I became interested in LD50, because, after seven years of working in the art world, I’d noticed a pervasive ideological hegemony, endorsed by almost everyone within it. I wrote about the topic for Art Monthly. I thought it was encouraging that a gallery was engaging with ideas outside the normal frame of reference. They had to be confronted somewhere. Why not in a gallery? Art, it seemed to me, should be a space for ideas and symbols to attack each other. The question is what art can do, and what artists are allowed to do, or not do, and by whom.

But a machinery of rumor was already in motion. The story seeded an anonymous tumblr, writing in a tiny voice of terror of fascistic currents present in, for instance, the philosophy publisher Urbanomic’s Robin Mackay, just back from his friend Mark Fisher’s funeral, and jumped to the publication Mute, under the headline “Is it Okay to Punch a Nazi (Art Gallery)?”

LD50 was now a Nazi gallery. The writer was O.D. Untermesh, likely an Antifa activist named Danny Hayward and Mute editor and former student Benedict Seymour. Their incendiary conclusion was based on Diego’s anti-MoMA comments, her social media profile, Google searches, a recent Atlantic Monthly article, and readings of the positions of the speakers designed to make them seem as sinister as possible.

The writing was incoherent, jargonistic. A cryptic line by one speaker, Brett Stevens, speaking of veils of secrecy (on his public blog), was transformed into charges of secret fascist organization.
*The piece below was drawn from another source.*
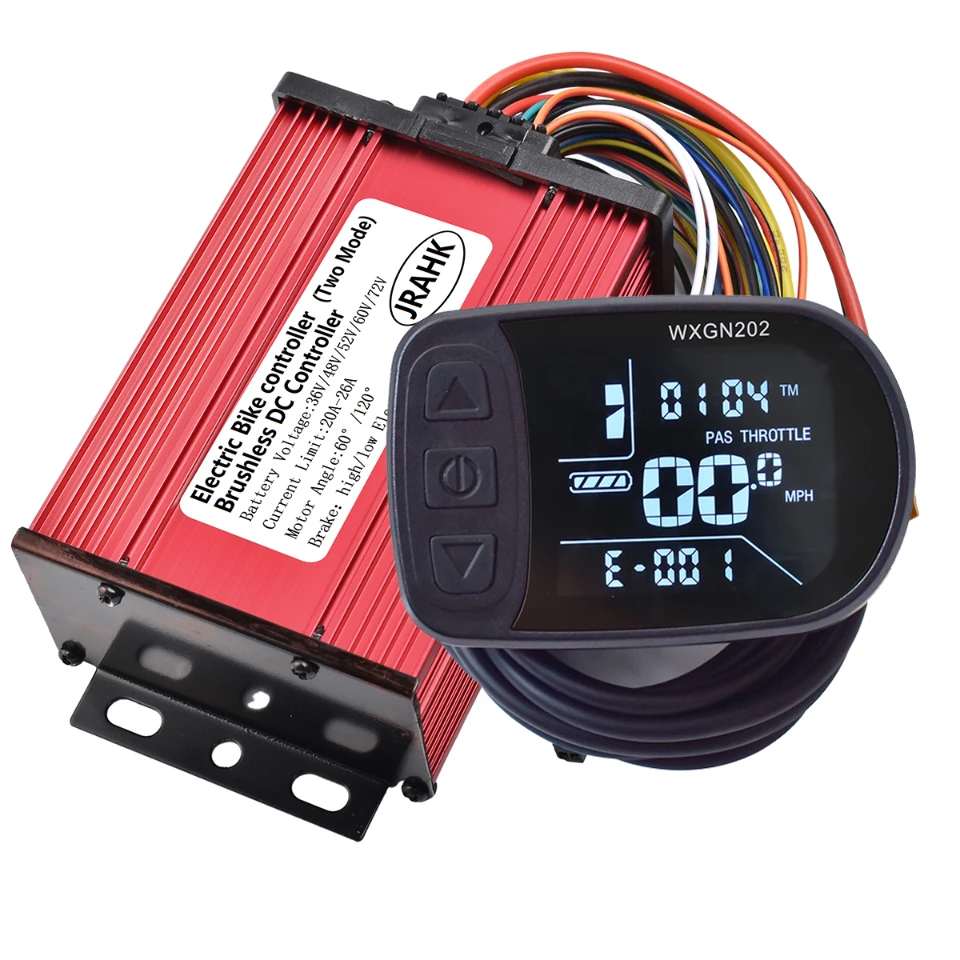 JRAHK 36V-72V 400W-600W 20A-26A 60V 500W BLDC Controller Kit 06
Stevens — who did write some twisted things about Breivik — was designated an Anders Breivik apologist. Peter Brimelow, a journalist who runs the anti-immigration website VDare, was labelled a White Supremacist (and VDare a “hate group”) according to the Southern Law Poverty Law Centre — the same organization which last September declared Pepe the Frog a hate symbol. The only name I knew at this point was the philosopher Nick Land, who was denounced as both himself a fascist and a racist, but also as a cover to the other, even more racist and fascist speakers.

“Untermesh” claimed the most sinister possible interpretation of everything the gallery and all the speakers ever said, or shared or tweeted, that he could locate on Google. No reference was made to what Stevens, or Brimelow talked about at the conference itself, despite the fact that both those recordings are online — he hadn’t listened to them. He also didn’t discuss the exhibition, because he hadn’t seen it. There was no evidence that he had ever visited the gallery or spoken to anyone involved. I commented that Mute were acting like fascists themselves, and they replied with violent insults alleging I was channelling my racist class fears.

Stevens was also following the story and linked to Jung’s original Facebook thread from his blog; notably, given how all this started with the sharing of a private message publicly, this move was seen to confirm the gallery’s malevolence. They had ‘leaked’ it, and ‘doxxed’ their critics to the far-right.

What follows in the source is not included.